In data understanding, you:

  • Import data
  • Clean data
  • Format data properly
  • Create new variables
  • Get an overview about the complete data
  • Split data into training and test set using stratified sampling
  • Discover and visualize the data to gain insights

4.1 Imort Data

First of all, let’s import the data:

library(tidyverse)

LINK <- "https://raw.githubusercontent.com/kirenz/datasets/master/housing_unclean.csv"
housing_df <- read_csv(LINK)

4.2 Clean data

To get a first impression of the data we take a look at the top 4 rows:

library(gt)

housing_df %>% 
  slice_head(n = 4) %>% 
  gt() # print output using gt
longitude latitude housing_median_age total_rooms total_bedrooms population households median_income median_house_value ocean_proximity
-122 38 41.0years 880 129 322 126 8.3 452600.0$ NEAR BAY
-122 38 21.0 7099 1106 2401 1138 8.3 358500.0 NEAR BAY
-122 38 52.0 1467 190 496 177 7.3 352100.0 NEAR BAY
-122 38 52.0 1274 235 558 219 5.6 341300.0 NEAR BAY

Notice the values in the first row of the variables housing_median_age and median_house_value. We need to remove the strings “years” and “$” with the function str_remove_all from the stringr package. Since there could be multiple wrong entries of the same type, we apply our corrections to all of the rows of the corresponding variable:

library(stringr)

housing_df <- 
  housing_df %>% 
  mutate(
    housing_median_age = str_remove_all(housing_median_age, "[years]"),
    median_house_value = str_remove_all(median_house_value, "[$]")
  )

We don’t cover the phase of data cleaning in detail in this tutorial. However, in a real data science project data cleaning is usually a very time consuming process.

4.3 Format data

Next, we take a look at the data structure and check wether all data formats are correct:

  • Numeric variables should be formatted as integers (int) or double precision floating point numbers (dbl).
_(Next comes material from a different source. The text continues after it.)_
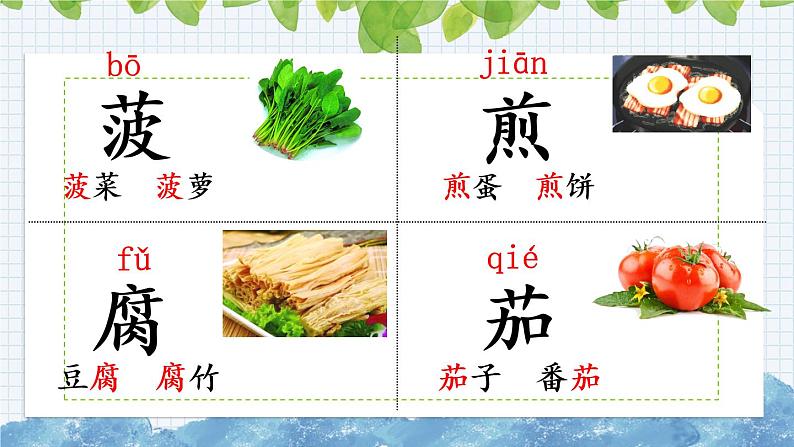 新部编版小学语文二年级下册:识字4 中国美食课件第4页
  • Categorical (nominal and ordinal) variables should usually be formatted as factors (fct) and not characters (chr). Especially, if they don’t have many levels.

glimpse(housing_df)
#> Rows: 20,640
#> Columns: 10
#> $ longitude          <dbl> -122, -122, -122, -122, -122, -122, -122, -122, -1…
#> $ latitude           <dbl> 38, 38, 38, 38, 38, 38, 38, 38, 38, 38, 38, 38, 38…
#> $ housing_median_age <chr> "41.0", "21.0", "52.0", "52.0", "52.0", "52.0", "5…
#> $ total_rooms        <dbl> 880, 7099, 1467, 1274, 1627, 919, 2535, 3104, 2555…
#> $ total_bedrooms     <dbl> 129, 1106, 190, 235, 280, 213, 489, 687, 665, 707,…
#> $ population         <dbl> 322, 2401, 496, 558, 565, 413, 1094, 1157, 1206, 1…
#> $ households         <dbl> 126, 1138, 177, 219, 259, 193, 514, 647, 595, 714,…
#> $ median_income      <dbl> 8.3, 8.3, 7.3, 5.6, 3.8, 4.0, 3.7, 3.1, 2.1, 3.7, …
#> $ median_house_value <chr> "452600.0", "358500.0", "352100.0", "341300.0", "3…
#> $ ocean_proximity    <chr> "NEAR BAY", "NEAR BAY", "NEAR BAY", "NEAR BAY", "N…

The package visdat helps us to explore the data class structure visually:

library(visdat)

vis_dat(housing_df)
Overview about data classes

Figure 4.1: Overview about data classes

We can observe that the numeric variables housing_media_age and median_house_value are declared as characters (chr) instead of numeric. We choose to format the variables as dbl, since the values could be floating-point numbers.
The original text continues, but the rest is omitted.